Dr. iur. Wolfram Viefhues
Rz. 316
Bei § 1579 BGB wird vielfach vereinfachend von der Verwirkung des Unterhaltsanspruchs gesprochen. Die Sanktionen nach § 1579 BGB müssen aber nicht endgültig sein. Je nach Härteklausel, der Dauerwirkung, der Zumutbarkeit und Billigkeit sowie nach den Umständen des Einzelfalles können verwirkte Unterhaltsansprüche — ganz oder teilweise – wieder aufleben. Das Wiederaufleben des Anspruchs ist allerdings die Ausnahme.
Rz. 317
Insbesondere bei § 1579 Nr. 2 – neue Partnerschaft – ist aber anerkannt, dass der Anspruch bei Wegfall der Voraussetzungen – also der Beendigung der neuen Partnerschaft – wieder aufleben kann.
Zitat
OLG Düsseldorf, Beschl. v. 11.5.2020 – II-3 UF 14/20
Ein Wiederaufleben des einmal gem. § 1579 Nr. 2 BGB verwirkten Anspruchs auf Aufstockungsunterhalt kommt nur ausnahmsweise in Betracht, wenn trotz der für eine gewisse Zeit verfestigten neuen Lebensgemeinschaft noch ein Maß an nachehelicher Solidarität gefordert werden kann, das eine fortdauernde nacheheliche Unterhaltspflicht rechtfertigen kann.

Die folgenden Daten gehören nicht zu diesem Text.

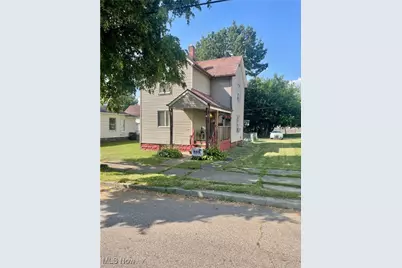 639 W Hopocan Avenue, Barberton, OH 44203 - Photo 1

Bei der in diesem Zusammenhang angezeigten umfassenden Würdigung kann gegen die Zumutbarkeit eines Wiedererstarkens des bereits verwirkten Unterhaltsanspruchs sprechen, wenn der/die Unterhaltsgläubiger/in nach Beendigung der einmal verfestigt gewesenen Lebensgemeinschaft (welche zur Verwirkung geführt hatte) erneut eine Beziehung eingegangen ist, die lediglich aufgrund des fehlenden Zeitablaufs noch nicht verfestigt ist
a) Voraussetzungen des Wiederauflebens des Anspruches
Rz. 318
Es ist umfassend zu prüfen, ob eine erneute Unterhaltsverpflichtung die Zumutbarkeitsgrenze überschreitet. Bei dieser erneuten Billigkeitsprüfung sind alle Umstände einzubeziehen.
Rz. 319
Von Bedeutung ist dabei, dass sich der Unterhaltsberechtigte durch die Aufnahme einer verfestigten neuen Lebensgemeinschaft aus der nachehelichen Solidarität der Ehegatten herausgelöst und zu erkennen gegeben hatte, dass er diese nicht mehr benötigt. Zu berücksichtigen ist auch, wie lange die Verhältnisse gedauert haben, die eine Unterhaltsgewährung als objektiv unzumutbar erscheinen ließen. Nach Beendigung einer verfestigten Lebensgemeinschaft ist regelmäßig nur noch sehr begrenzt eine nacheheliche Solidarität zu erwarten.
Rz. 320
Gegen ein Wiederaufleben des Unterhaltsanspruchs kann zudem sprechen, wenn der auf Unterhalt in Anspruch genommene Ehegatte im Vertrauen auf den endgültigen Wegfall der Unterhaltspflicht wirtschaftliche Dispositionen getroffen hat, die seine Leistungsfähigkeit beeinträchtigen, ohne dass er dies dem Unterhaltsgläubiger unterhaltsrechtlich entgegenhalten könnte.
b) Umfang des wiederauflebenden Anspruches
Rz. 321
Regelmäßig lebt allenfalls der Betreuungsunterhalt wieder auf. Für ein Wiederaufleben anderer Tatbestände fehlt es regelmäßig an einer Legitimation, während ein Wiederaufleben des Betreuungsunterhalts auf das schutzwürdige Interesse der gemeinsamen Kinder zurückzuführen ist.